→ **Recorded information**

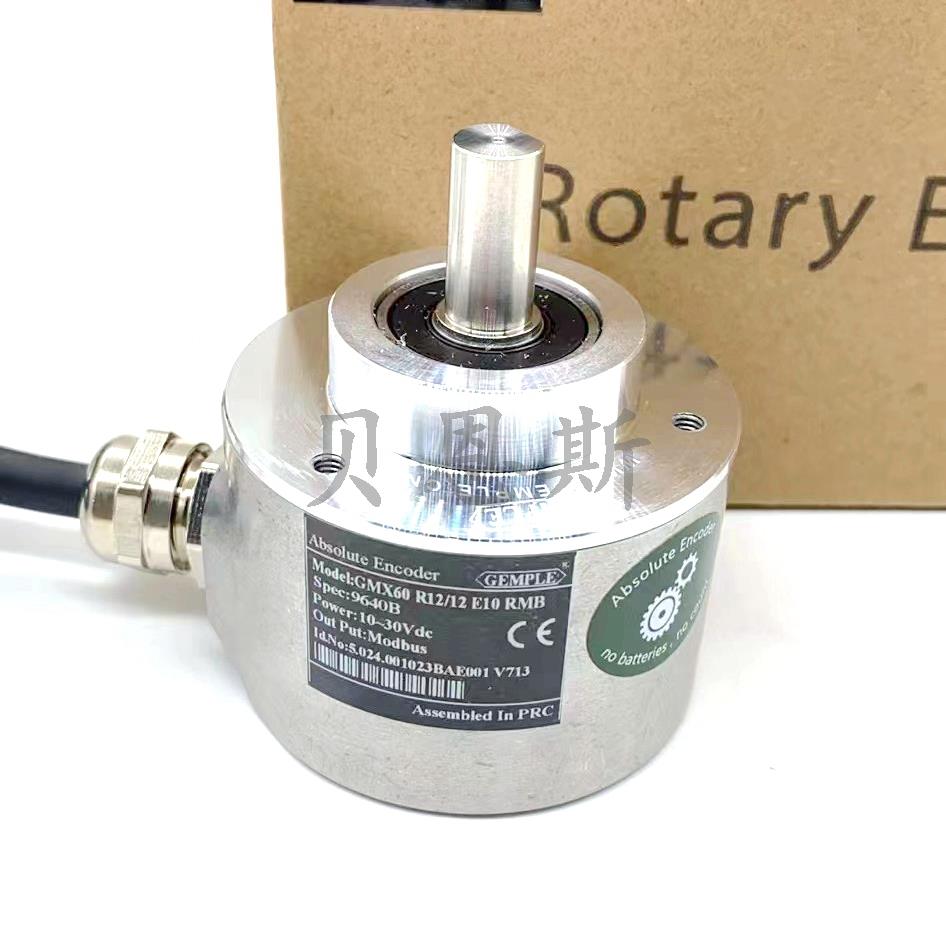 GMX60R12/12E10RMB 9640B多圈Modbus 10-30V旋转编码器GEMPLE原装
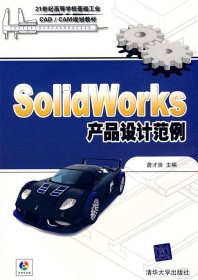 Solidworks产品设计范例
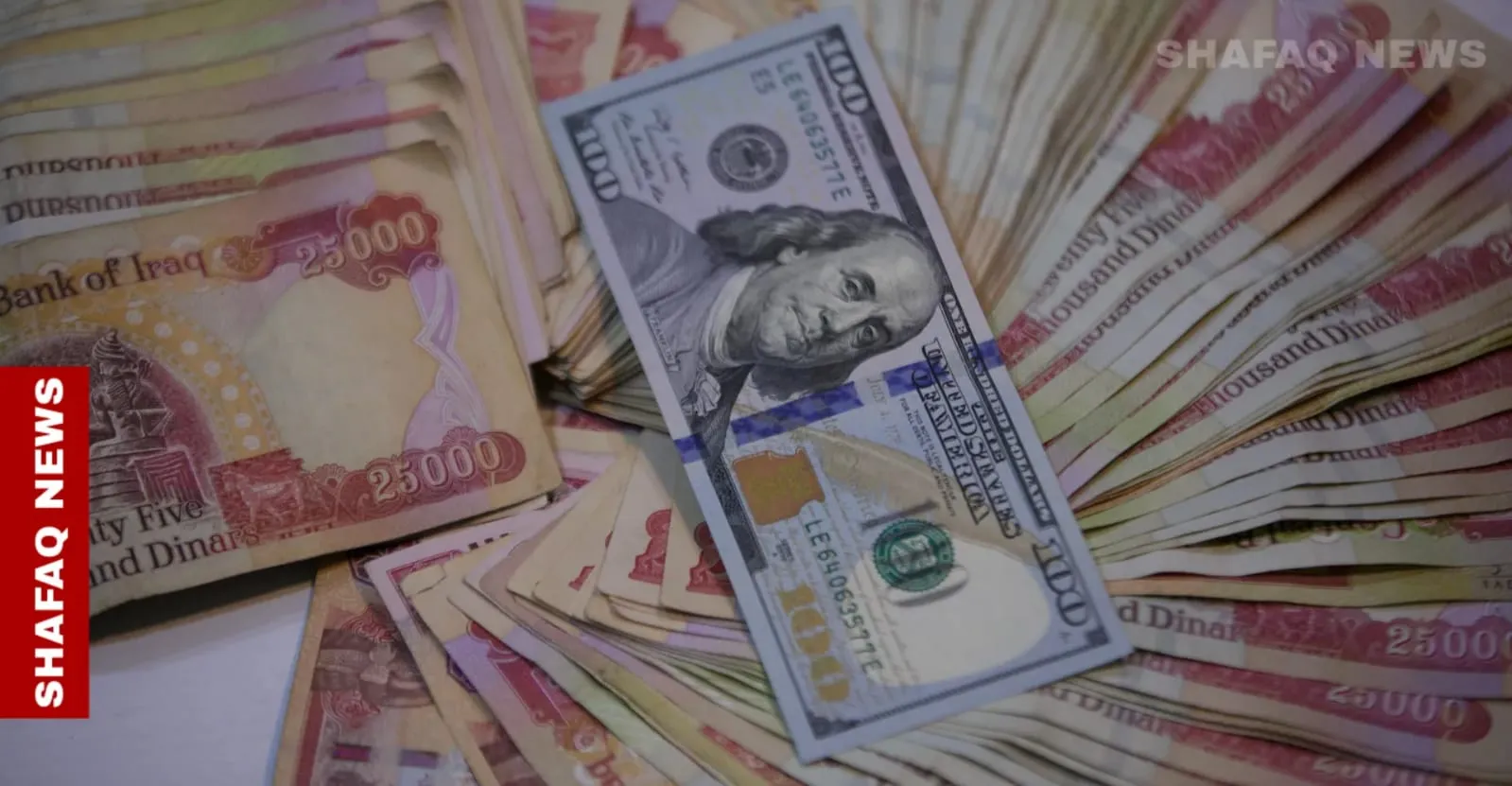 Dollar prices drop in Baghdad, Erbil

→ **Required work**
From the line that contains "Solidworks产品设计范例" through the last line of the listing, copy each line exactly; both end lines stay in, and pictures stay out.

→ **Result of the task**
 Solidworks产品设计范例
 Dollar prices drop in Baghdad, Erbil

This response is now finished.